The study provides a detailed look at the residual market plans in Alabama, Florida, Louisiana, Mississippi, North Carolina, South Carolina and Texas and is meant to serve as a reference for public policy regarding coastal homeowners insurance markets, the IRC said.
Though the programs were created to be markets of last resort with actuarially sound rates, they have grown to become "viewed as tools for promoting economic development in coastal areas and providing low-cost insurance," the study stated. "As these residual markets grew, prices in the voluntary market were suppressed, and the gap between demand and supply widened as insurers were willing to insure fewer risks using artificially low rates."
For instance, in Florida, where 79 percent of the state's total exposure is on the coast, the IRC found that the percentage of coastal exposure held by the state-run Citizens Property Insurance Corp. has doubled the past five years to 20 percent.
"The plan's jump in market share over the past few years indicates [Citizens] is acting more as a competitor in the insurance market than as a market of last resort," the study said.

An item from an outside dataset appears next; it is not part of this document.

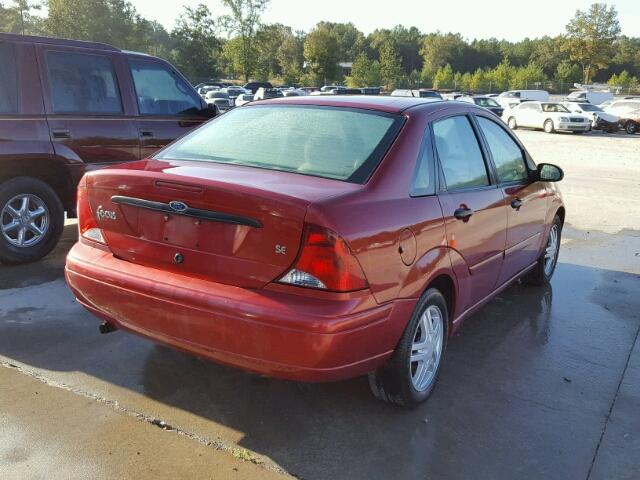 1FAFP34P73W154677 - 2003 FORD FOCUS BURGUNDY photo 4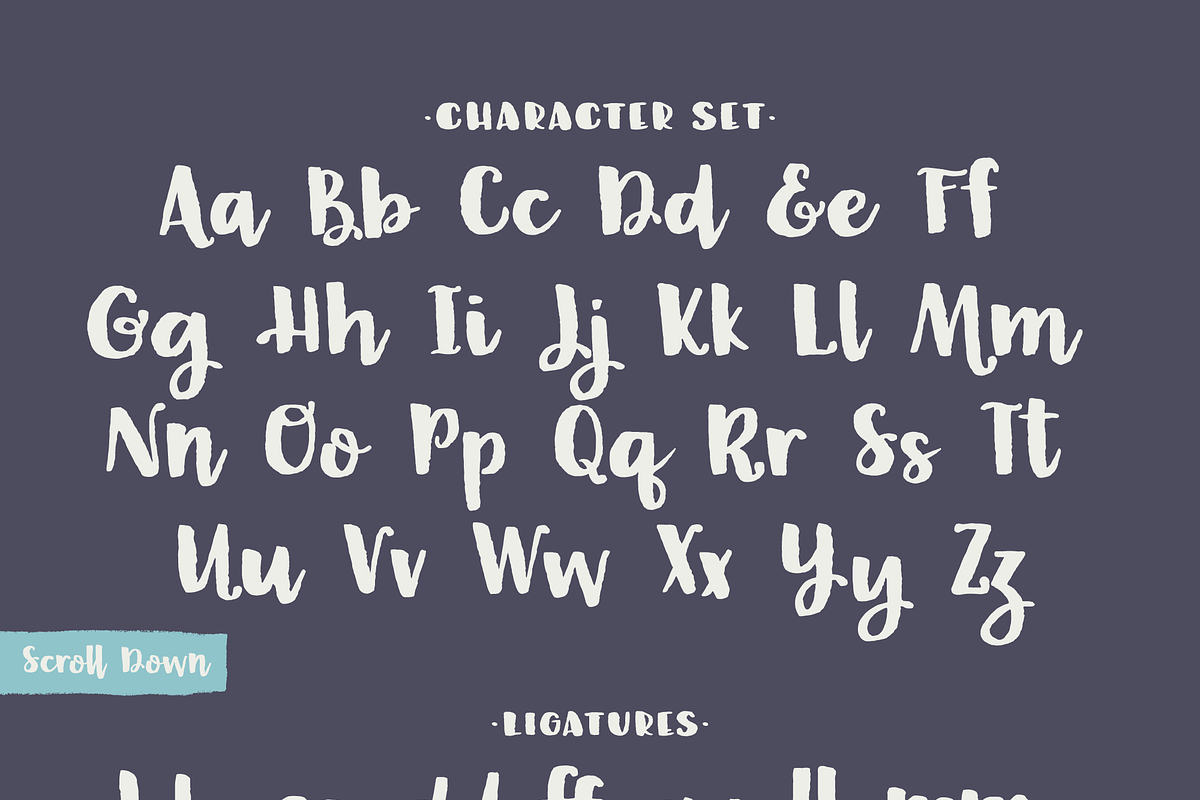 Butterbell & Toast Textured Font Duo preview 2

Annual growth in residual market exposures in the United States is growing about 18 percent on average each year. The overall market has grown more than 1300 percent from 1990 to 2007. The value of insured coastal exposures rises, on average, 8 percent each year in the beach plan states, the IRC said.
Population growth in the states outlined in the report has grown "substantially," which has "fueled the increase in demand for insurance" though private insurers have pulled back from many coastal markets due to the inability to get rates that match the risk, the IRC said.